28 May - given we didn't expect the Two Ronnies to arrive before lunch today (if at all) we decided to have a look at the start of the Old Telegraph Track just 10 klm up the road. A sign at the Bramwell Station Roadhouse indicates the start of the track so in we went. Immediately the track narrowed as it wound its way around 3+ metre high termite mounds and thin trees rising out out of savanna grasslands. Our first problem was the first water crossing - we just couldn't gauge how deep or treacherous the track was through muddy water. We looked for a workaround but came to an even more dangerous crossing so with an unanimous vote from the four of us we turned around and headed home.

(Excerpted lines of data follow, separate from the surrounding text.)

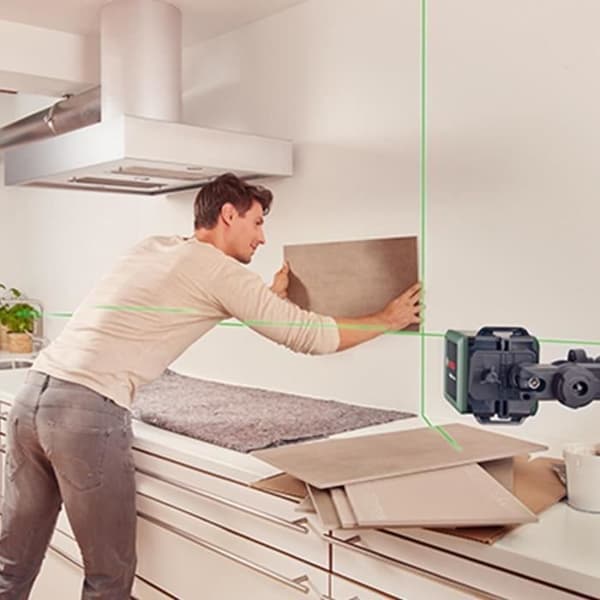 Bosch Quigo vihreä linjalaser (mukana kaksi akkua, yksi MM2-yleispuristimia ja yksi kiinnityssovitin)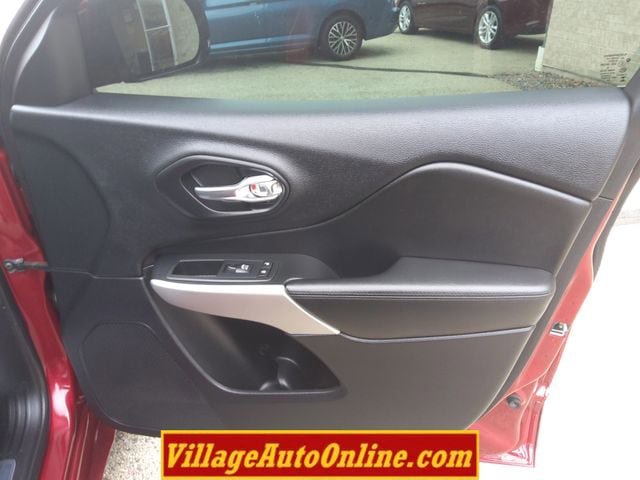 Used 2017 Jeep Cherokee Overland AWD/4WD image 32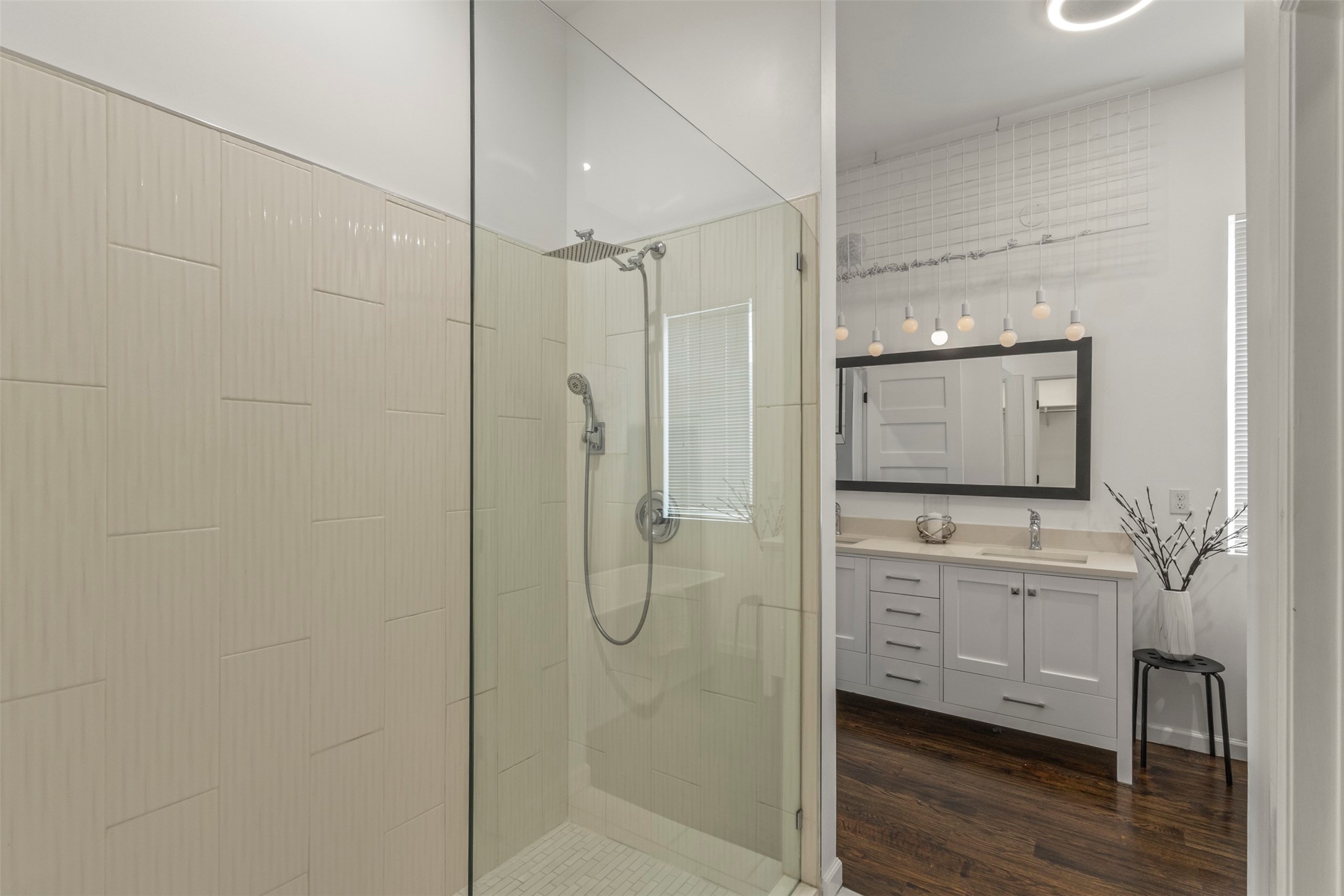 2534 Gladstone Drive Dallas TX 75211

Jeff and Ray deliberating about the track


Rather large termite mound - our car is 2 metres high
Julie and I spent the afternoon swapping things between the car and caravan in readiness to tent it for the rest of the trip north. Happily everything fitted in the car just fine and we were ready for the next day. The refrigerator hadn't been working efficentially since we entered the warmer weather and I tracked the problem down to a failed fan on the condenser. Being in the middle of nowhere with no 240v power to plug the van into there was nothing I could do except worry that the fridge would fail because the solar panels could not top up the battery enough due to the fridge working overtime. 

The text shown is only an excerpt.